Eu sei que os cortes no Orçamento da Cultura (SEC) para 2012 só podem ser "cegos" porque está (quase) tudo em situação de penúria e mendicidade.
Eu sei que o desiquilíbrio de meios entre os museus do Estado e os que são sustentados por parcerias com privados por via de Fundações (Serralves e Berardo) é extremamente gravoso para os primeiros e para os seus responsáveis e funcionários.
Eu sei que um "capitalista" que gasta dinheiro em arte e a expõe ao público é mal visto pelos que têm outros vícios menos democráticos; sei que um self-made man é sempre alguém que muitos e por diferentes razões querem ver regressar à situação de origem, e sei que a operação BCP criou um estado de tesouraria e uma vulnerabilidade (a ele e a outros, de quem não se fala) muito complexo.
Sei também que o "meio da arte" não gosta de museus, porque a alguns repugna a ideia de que um museu escolhe os artistas que vão merecendo entrar no seu património (preferem "centros de arte"); porque gostam mais que os recursos se vão distribuindo pelos candidatos a artistas (num compra e deita fora que se traduz numa rede de favores e dependências à volta da "acção cultural", de institutos e direcções-gerais); e porque o "meio da arte" só valoriza aquilo que controla ou absorve, que o serve.
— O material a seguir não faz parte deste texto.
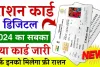 Ration Card Apply Online: ऐसे घर बैठे ऑनलाइन बनवाएं डिजीटल राशन कार्ड, दस्तावेजों से लेकर फीस तक, यहां जानें सबकुछ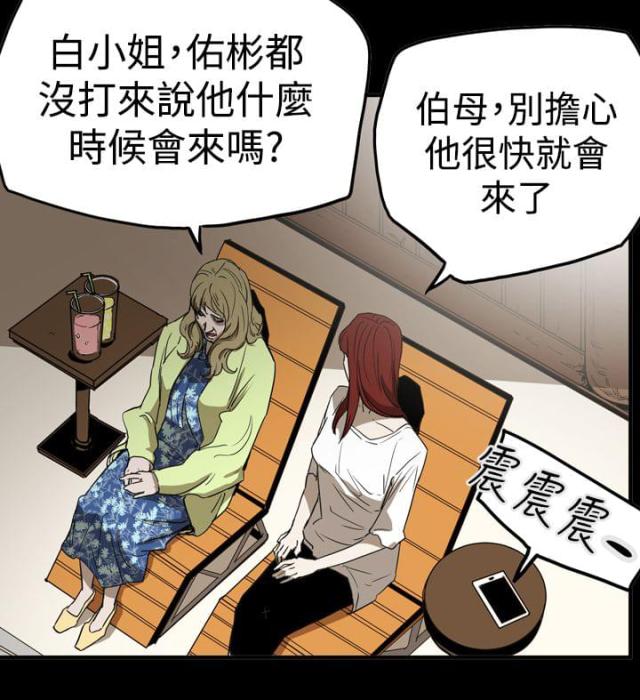 第60话16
Serralves faz parte do "meio da arte" e é defendido por ele. O Museu Berardo nunca esteve na dependência do "meio da arte", conseguiu não se vincular à sua lógica e às suas manobras, graças ao coleccionador e ao primeiro director, Jean François Chougnet. Com a sua gratuitidade e a sua programação plural tem sido um êxito, também de público - o que é mal visto por muitos.
Sei mais coisas (sei que a Imprensa publica o que lhe passam para a mão e é destituída de memória - em geral, também de escrúpulos), mas o que me interessa sublinhar agora é que o ataque ao Museu envolve muitas hostilidades de todo o tipo e tortuosas razões - políticas, financeiras, pessoais, culturais, etc. O projecto de um museu de arte moderna e contemporânea (desde o início do século XX, o que Serralves não é, nem nenhum outro) dotado de uma colecção internacional é neste caso a questão essencial, e é a nossa última oportunidade de tal coisa existir em Lisboa e em Portugal. Essa é uma questão nacional. O confronto com Madrid, mesmo sem Guernica, é de uma grande dignidade.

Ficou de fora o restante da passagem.